### MATERIAL FOR THIS EXERCISE

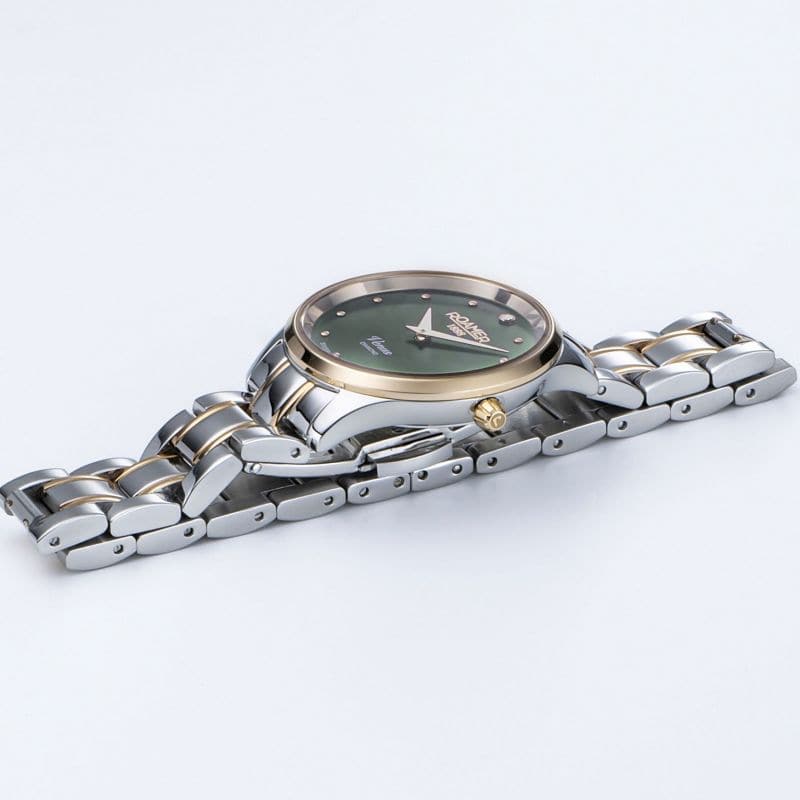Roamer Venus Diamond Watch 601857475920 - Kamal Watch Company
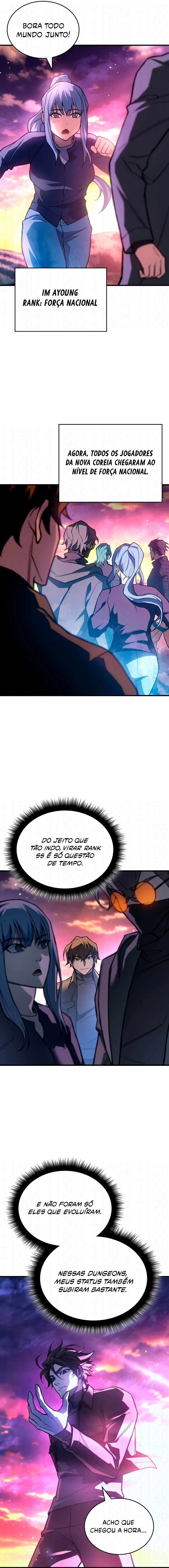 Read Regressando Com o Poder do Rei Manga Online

######
### MATERIAL FOR THIS EXERCISE

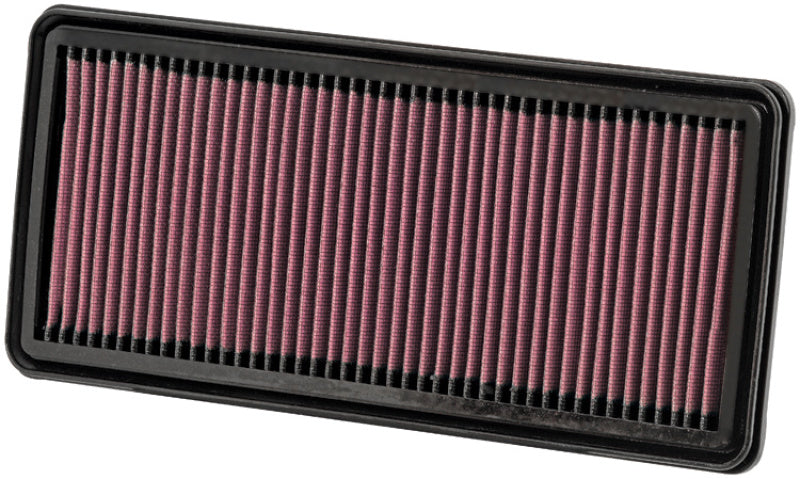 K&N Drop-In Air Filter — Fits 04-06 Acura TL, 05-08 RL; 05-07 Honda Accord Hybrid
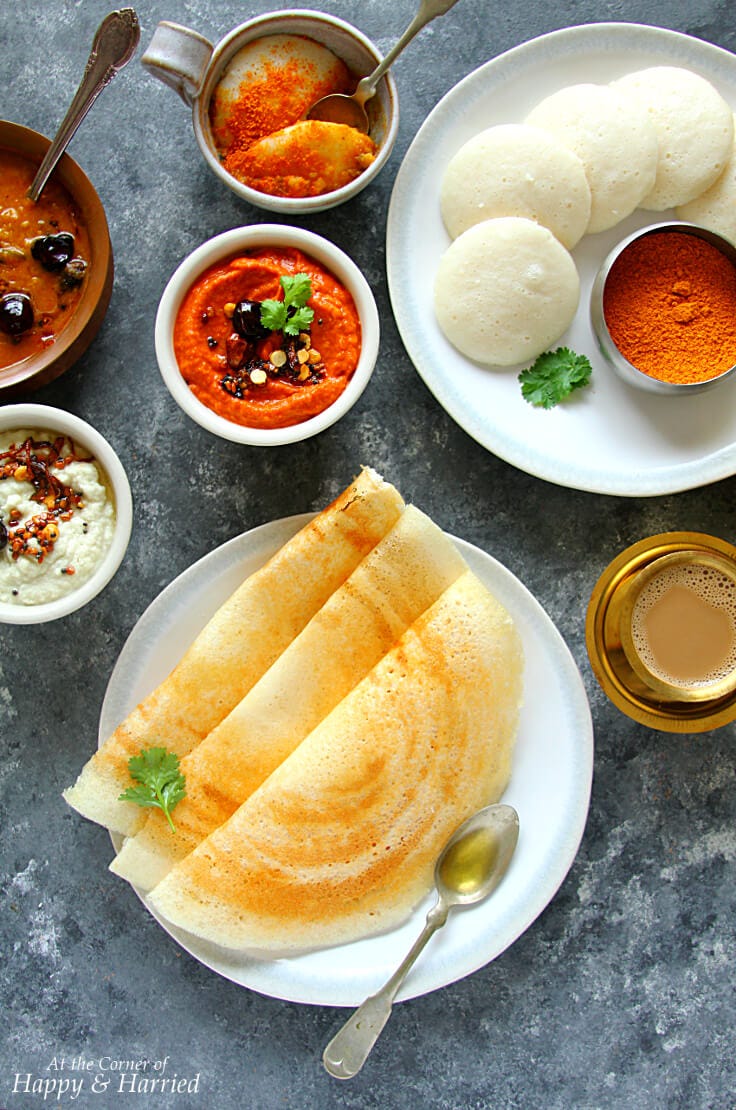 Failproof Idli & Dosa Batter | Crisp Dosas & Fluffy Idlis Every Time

######
### MATERIAL FOR THIS EXERCISE

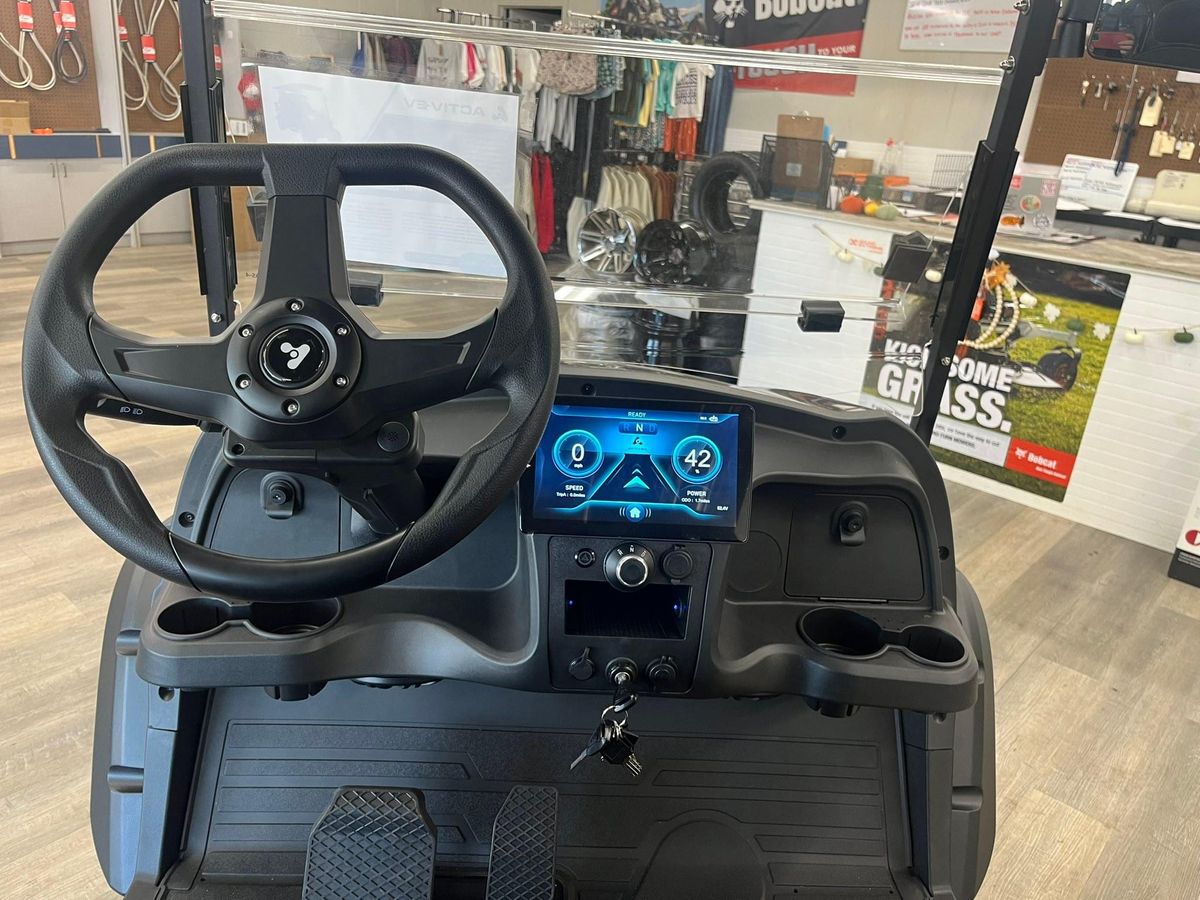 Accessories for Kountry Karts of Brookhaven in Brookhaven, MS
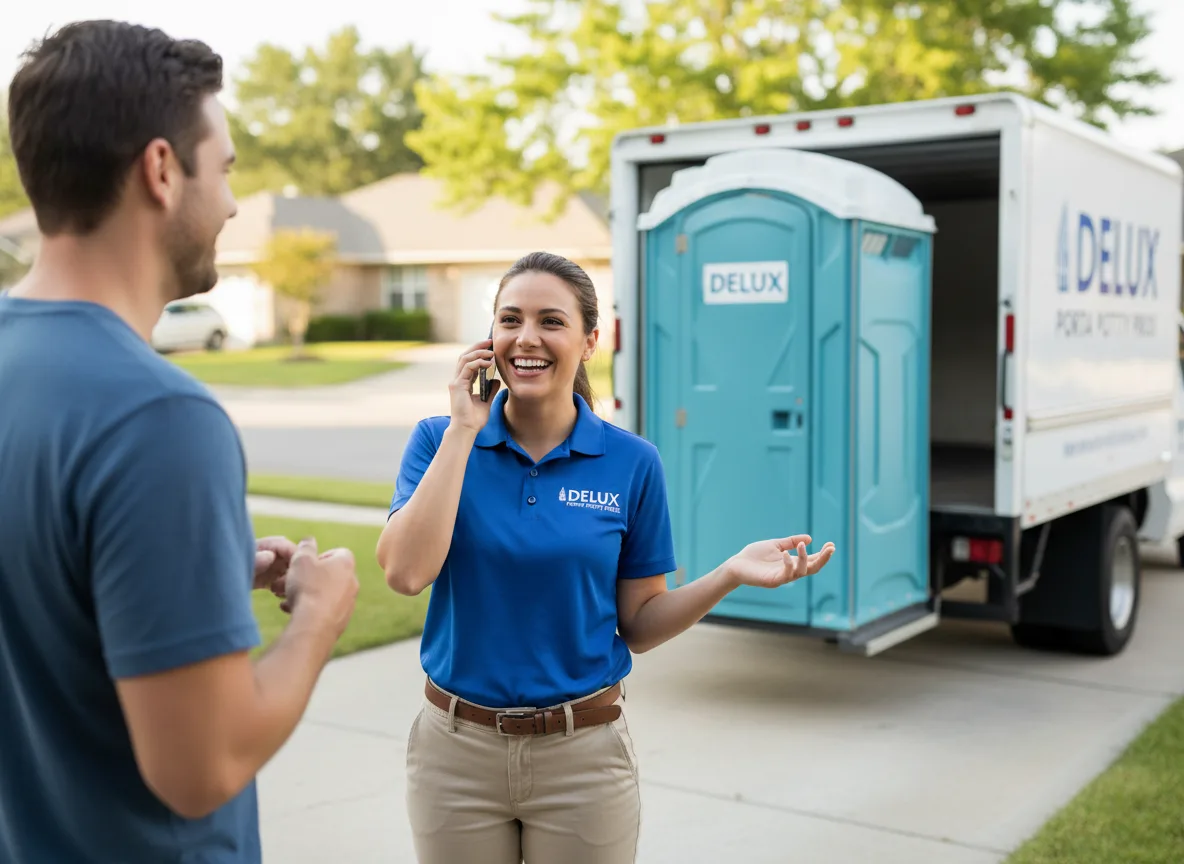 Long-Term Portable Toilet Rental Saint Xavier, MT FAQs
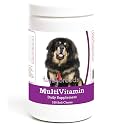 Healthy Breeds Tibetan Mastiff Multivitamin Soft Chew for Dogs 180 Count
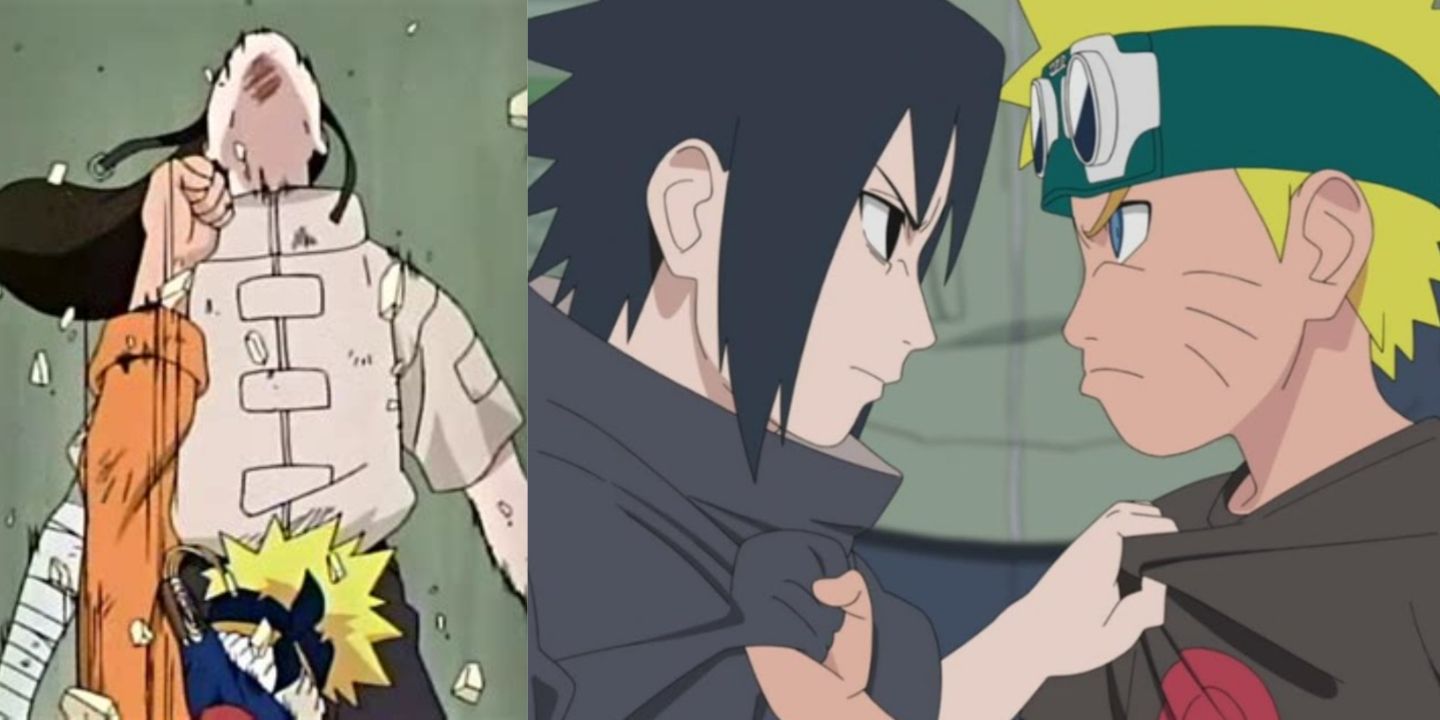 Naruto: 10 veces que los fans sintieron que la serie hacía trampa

######

INSTRUCTIONS TO FOLLOW: Your output should be the lines above from the one that contains "Healthy Breeds Tibetan" through the one that contains "Naruto: 10 veces", word for word, with pictures left out.

EXERCISE RESPONSE:
 Healthy Breeds Tibetan Mastiff Multivitamin Soft Chew for Dogs 180 Count
 Naruto: 10 veces que los fans sintieron que la serie hacía trampa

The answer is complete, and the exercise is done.